The quadcopter is hard to detect and intercept, as its radar profile is similar to that of a stealth aircraft, but there already are solutions for that in the world. If and when the IDF is forced to deal with quadcopters, Israel’s defense industries will likely be waiting with reasonable solutions.
Larger quadcopters, which could carry a human being, are already being developed in the world, by the way. These developments are aimed, first and foremost, at solving transportation problems, but the option of using them for military purposes—transferring an armed person from one place to another and evading an obstacle—is coming up.
Another option Hamas can focus on is known as “the underwater tunnel,” secretly crossing the sea. In December 2016, flight engineer Mohammad al-Zawari was assassinated in Tunisia. He was hailed as the father of Hamas’ drone program, but the eulogies published in the Arab press after his death mentioned his developments in the underwater field as well, like manned and unmanned midget submarines.
Hamas’ naval force keeps developing. One of the main targets bombed by the IAF in Gaza in recent days was one of the naval force's equipment warehouses. At the same time, Hamas is focusing its efforts on smuggling naval fighting equipment to the strip. The Israeli response to this option lies both in the Navy’s offensive abilities and in defensive areas, like deploying sensors along the shore and in the sea to try to locate vessels, swimmers and divers who would try to reach Israel’s shores to try to carry out a massacre.

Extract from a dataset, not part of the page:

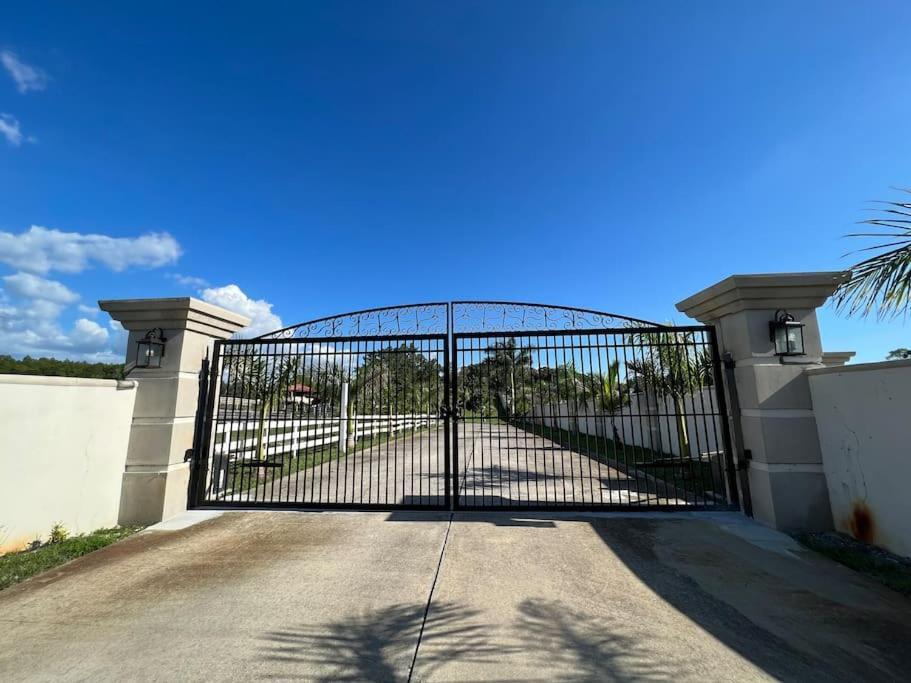 Tampa Bay Oasis Apartment Tarpon Springs Bagian luar foto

Another possibility is an attempt to forcibly break through the obstacle being built by the IDF. Even if there are no intelligence warnings to that end, the IDF must be prepared for such a situation. We have already seen Hamas attacks in the southern strip and ISIS attacks from Sinai aimed at breaking through the border and forcibly infiltrating Israel. A car bomb or truck bomb explode on the obstacle, one force widens the breach and another force enters Israel. There’s no doubt that Hamas’ special Nokhba forces have been practicing such operations with different vehicles, including motorcycles. A surprise operation of this kind could be effective. The IDF, we are told, is capable of dealing with this option through look outs and the use of fire.
And there also is the developing cyber warfare in the strip.

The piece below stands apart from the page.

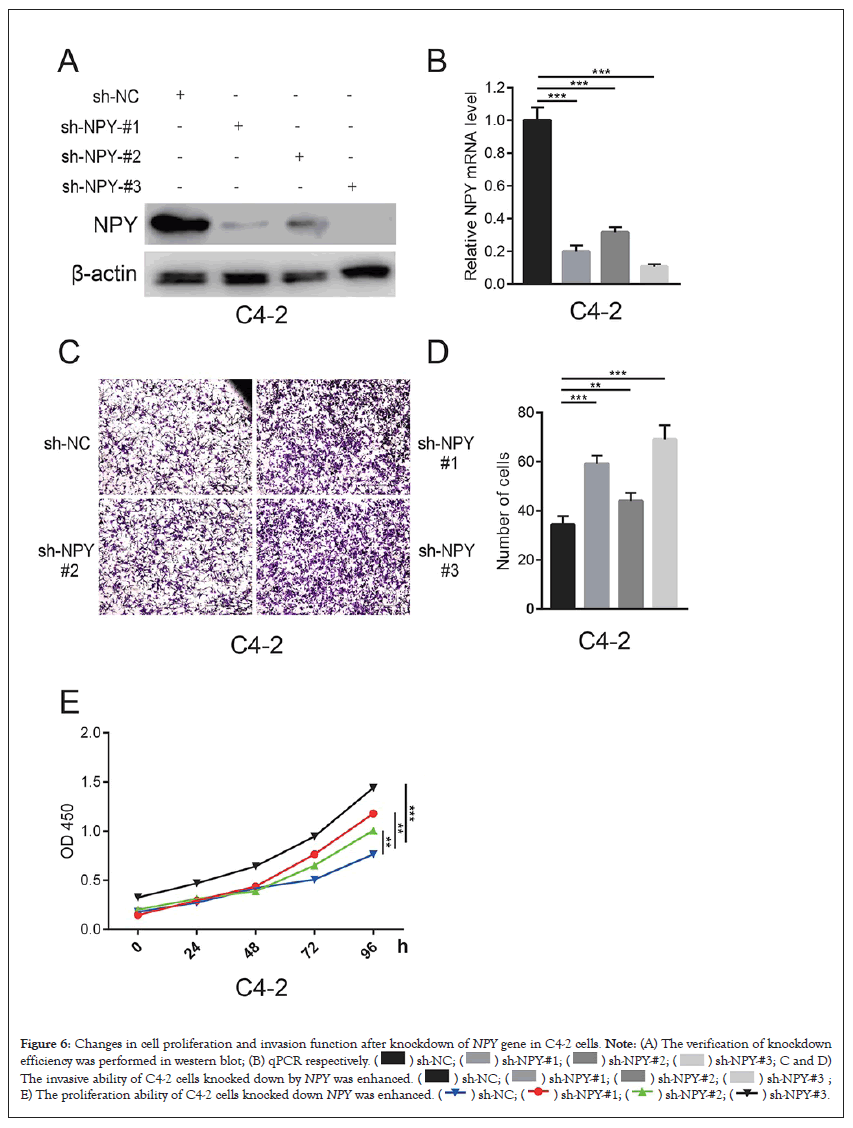 clinical-trials-cell-proliferation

We may also assume that Hamas has other surprises in store, not to mention the means it already possesses, like antitank missiles, rockets with particularly heavy warheads, which could infiltrate fortified buildings in the Gaza border area, and long-range missiles threatening central Israel.
Israel is trying to lower the flames. In a recent visit to Sderot, Defense Minister Avigdor Lieberman left the impression he is interested in a moderate response to the rocket fire, which won’t lead to escalation. But the political-economic distress Hamas may experience if the reconciliation process fails, and the loss of its security assets, could push Sinwar and his people into a corner, and their only way out would be another round of hostilities against Israel. So the recent drizzle of rockets in the Gaza border could mean much more than simply an act of blowing off steam by Salafi organizations.